INFORMATION SHOWN:
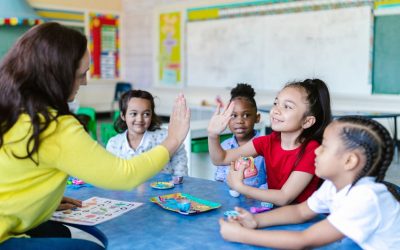 L’école de demain : l’intelligence artificielle remplacera-t-elle nos enseignants ?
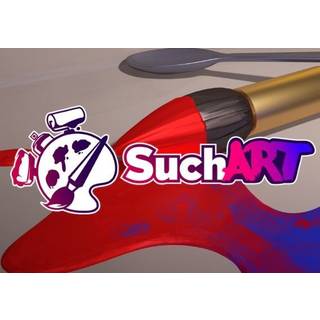 SuchArt: Genius Artist Simulator (PC) Steam Key - GLOBAL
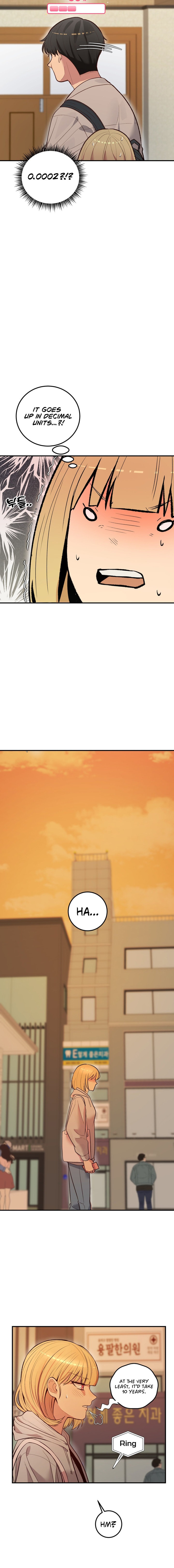 [Dating Sim Short Story] The Dating Simulator Cheat Code Chapter 1 - HolyManga.Net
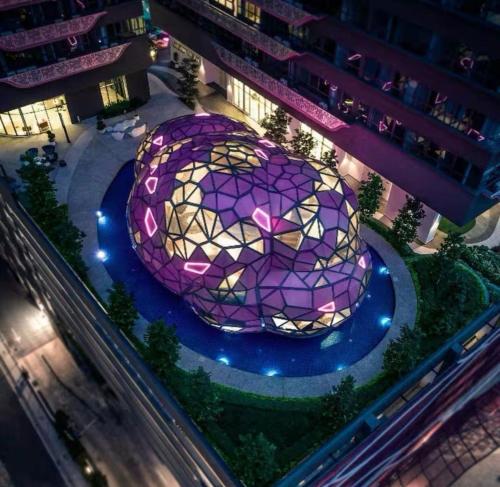 Apartment in Kuala Lumpur 
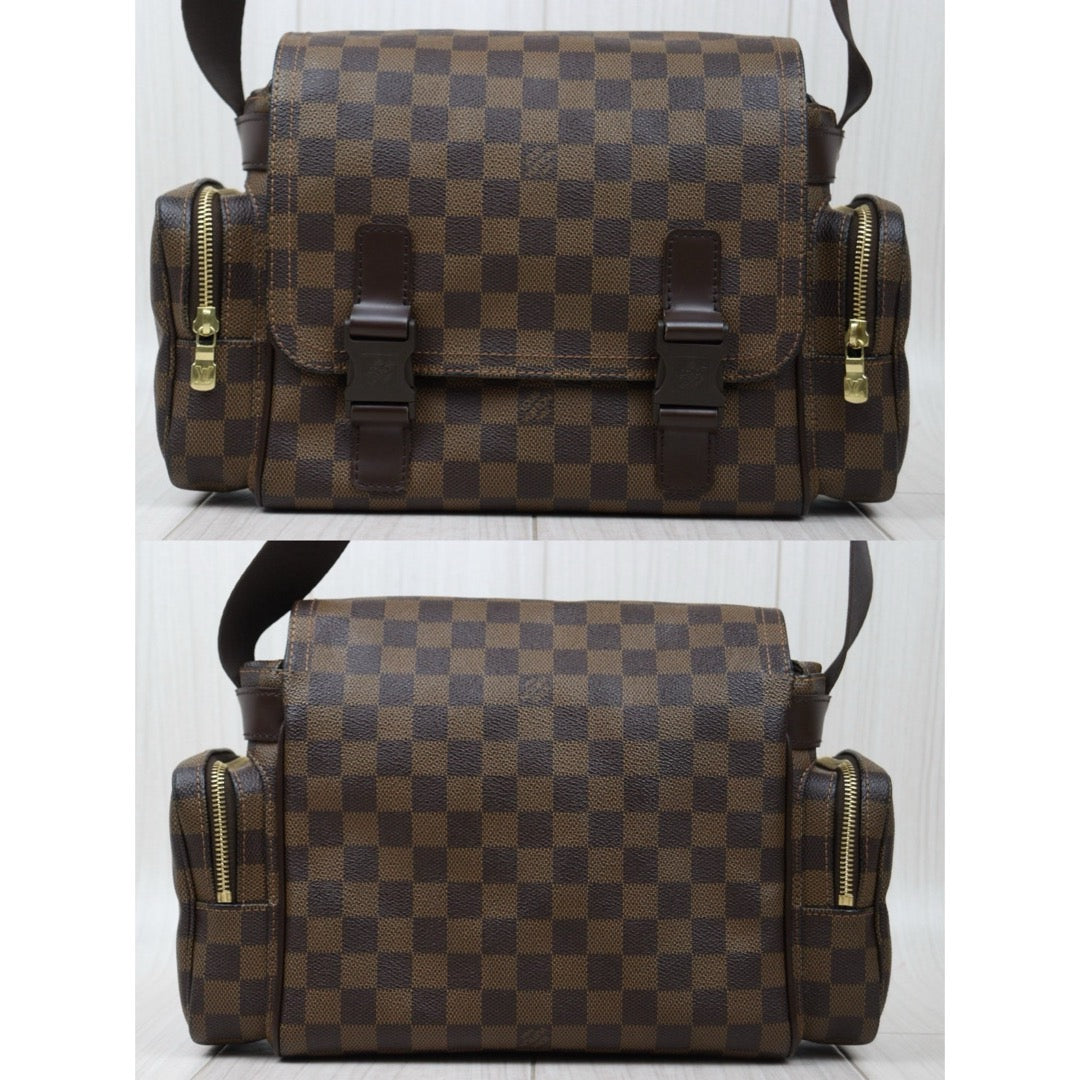 Good ( Rank AB)｜ LV Damier Sack Squish Shoulder Bag ｜24122711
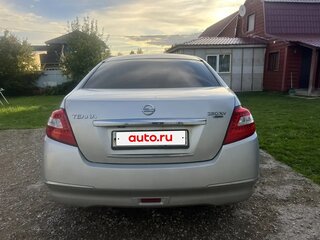 2008 Nissan Teana II (J32), серебристый, 500000 рублей, вид 3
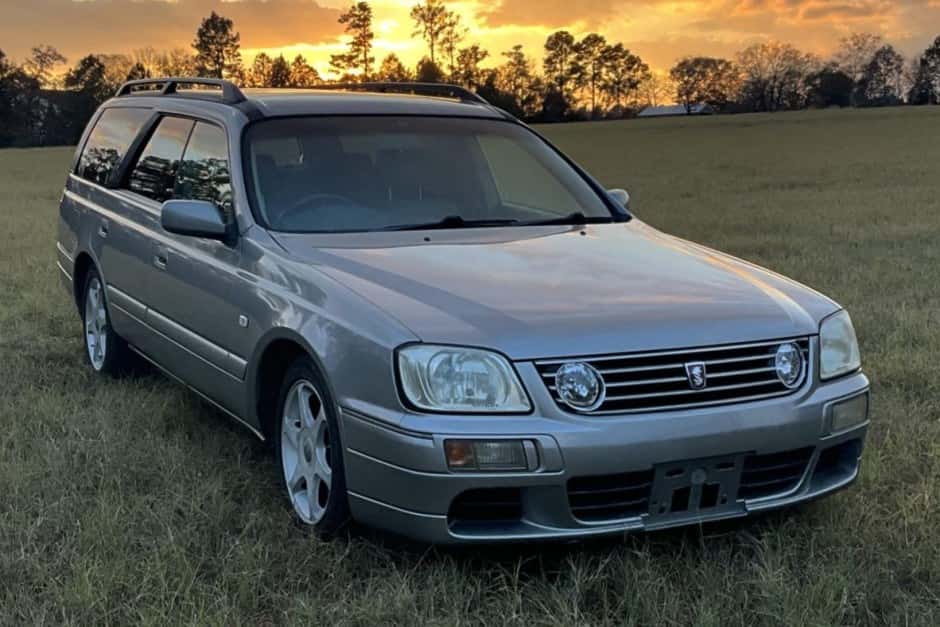 1998 Nissan  sold for $10,000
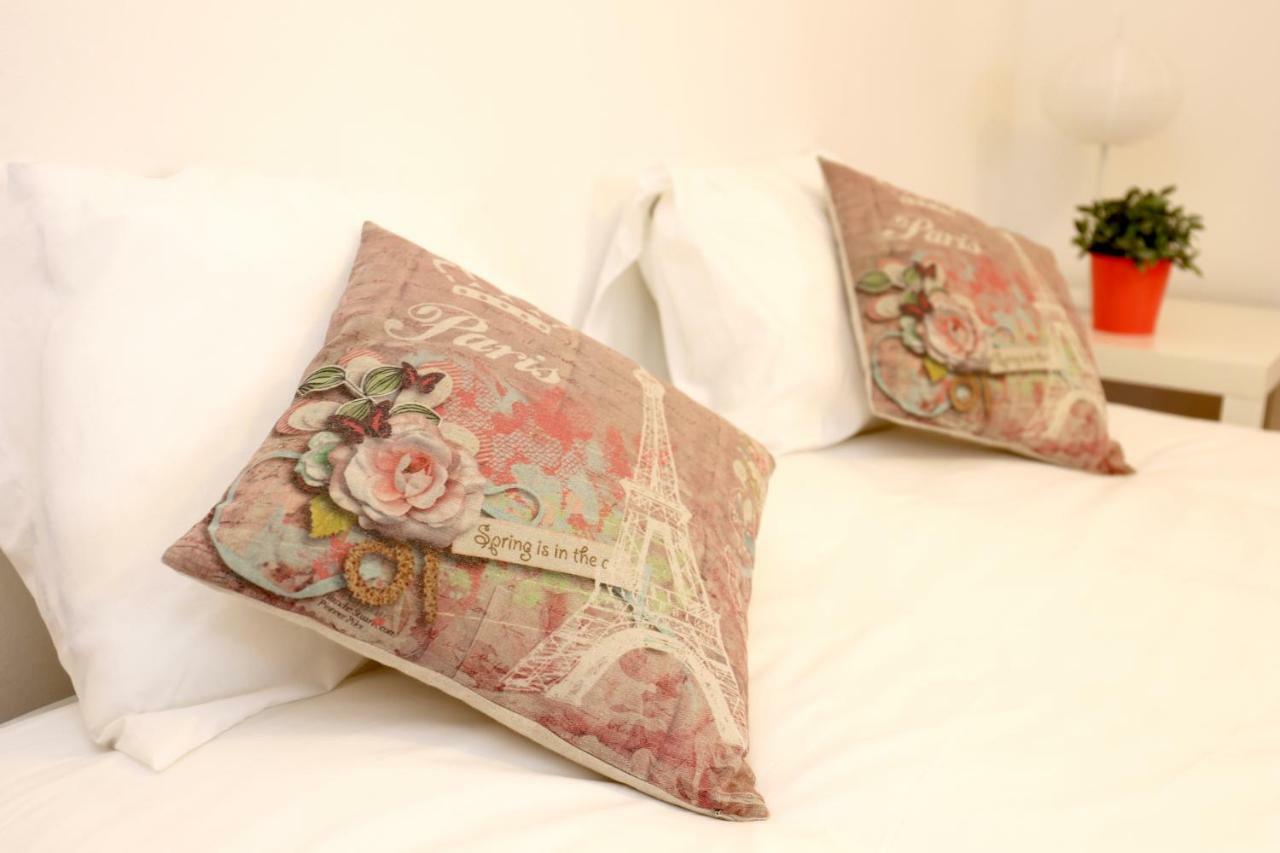 White Cosy Apartment Lisboa Ngoại thất bức ảnh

REQUIRED ACTION: A word-for-word copy of every entry, with the pictures left out, is the required answer.

RESULT OF THE TASK:
 L’école de demain : l’intelligence artificielle remplacera-t-elle nos enseignants ?
 SuchArt: Genius Artist Simulator (PC) Steam Key - GLOBAL
 [Dating Sim Short Story] The Dating Simulator Cheat Code Chapter 1 - HolyManga.Net
 Apartment in Kuala Lumpur 
 Good ( Rank AB)｜ LV Damier Sack Squish Shoulder Bag ｜24122711
 2008 Nissan Teana II (J32), серебристый, 500000 рублей, вид 3
 1998 Nissan  sold for $10,000
 White Cosy Apartment Lisboa Ngoại thất bức ảnh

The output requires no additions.